È abbastanza? In quei momenti non sembrava mai abbastanza.
Ho sentito quanto pesa la cappa del cielo subtropicale. Almeno
una dozzina di volte il suono della sirena della nave, un’assordante
flatulenza degli dei, mi ha fatto prendere un colpo. Ho assimilato
i fondamenti del mah-jong, mi sono visto a stralci una due giorni
di bridge contratto, ho imparato come si allaccia il giubbotto
salvagente sopra lo smoking e ho perso a scacchi con una bambina
di nove anni. (Per la verità, ho fatto tiro verso il
piattello, sul mare.)
Ho mercanteggiato per dei gioielli senza valore con ragazzini
malnutriti. Ora conosco ogni possibile giustificazione o scusa
per chi spenda 3000 dollari per andarsi a fare una crociera
ai Caraibi.
Mi sono mangiato le mani per aver rifiutato autentica marijuana
giamaicana da un giamaicano autentico.
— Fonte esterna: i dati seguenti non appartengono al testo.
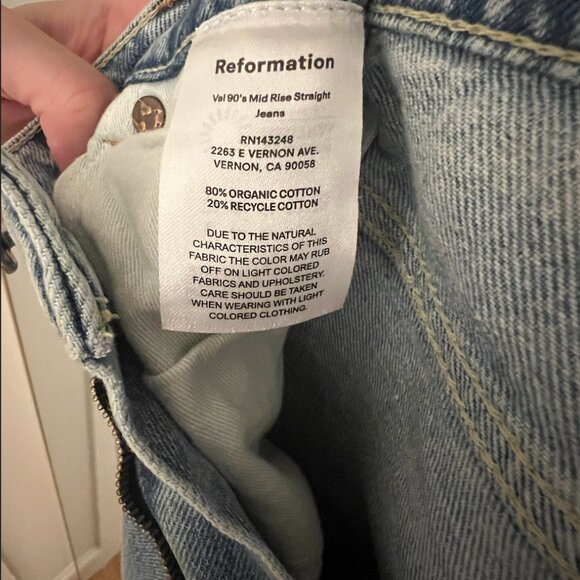 Reformation Val 90s Mid-Rise Straight-Leg Jeans (Size 31) - Picture 6 of 8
Una volta ho visto dalla
balaustra del ponte scoperto, molto più
in basso e a destra della coda della carena, una cosa che mi
è sembrata essere la pinna di uno squalo, mimetizzata
nella scia del motore di dritta, violenta come le cascate del
Niagara. Ho sentito – e non ho parole per descriverla
– una musichetta da ascensore in versione reggae. Ho capito
cosa significa avere paura del proprio water. Ho imparato ad
avere il “piede marino” e ora mi piacerebbe perderlo.
Ho assaggiato il caviale e mi sono trovato d’accordo con
il giudizio del bambino che mi sedeva accanto: fa schifo.
Ora ho capito bene cosa significa duty free. Ora conosco la
velocità massima in nodi di una nave da crociera. Ho
mangiato escargot, anatra, salmone affumicato dell’Alaska,
salmone con finocchi, pellicano al marzapane e un’omelette
fatta con quelle che venivano definite “tracce di tartufo
etrusco”. Ho sentito persone sedute sulle sdraio sul ponte
dire che non è tanto il caldo, ma l’umidità.
Sono stato – completamente, professionalmente e come mi
era stato promesso – viziato.
Ho osservato e catalogato, con ribrezzo, ogni tipo di eritemi,
cheratinosi, lesioni pre-melanoma, macchie da mal di fegato,
eczemi, verruche, cisti papulari, pancioni, celluliti femorali,
vene varicose, trattamenti al collagene e al silicone, tinture
orribili, trapianti di capelli malriusciti – insomma,
ho visto un sacco di gente seminuda che avrei preferito non
vedere seminuda. Mi sono sentito depresso come non mi sentivo
dalla pubertà e ho riempito quasi tre taccuini per capire
se era un Problema Mio o un Problema Loro.
Ho acquisito e nutrito un rancore che potrebbe anche durare
tutta la vita verso il direttore d’hotel della nave –
il cui nome era signor Dermatis e che io da allora in poi ho
battezzato signor Dermatitis –, un rispetto quasi ossequioso
per il mio cameriere e un’ardente passione per la cameriera
della mia cabina del corridoio sul ponte 10, Petra, Petra dalle
fossette e dalle sopracciglia ampie e candide, che indossava
divise sempre bianche inamidate e fruscianti e profumava del
disinfettante al cedro norvegese che passava nei bagni; e che
puliva ogni centimetro praticabile della mia cabina almeno dieci
volte al giorno, ma che non si è mai fatta sorprendere
nell’atto di pulire – una figura di eleganza magica
e duratura, meritevole di una cartolina tutta dedicata a lei.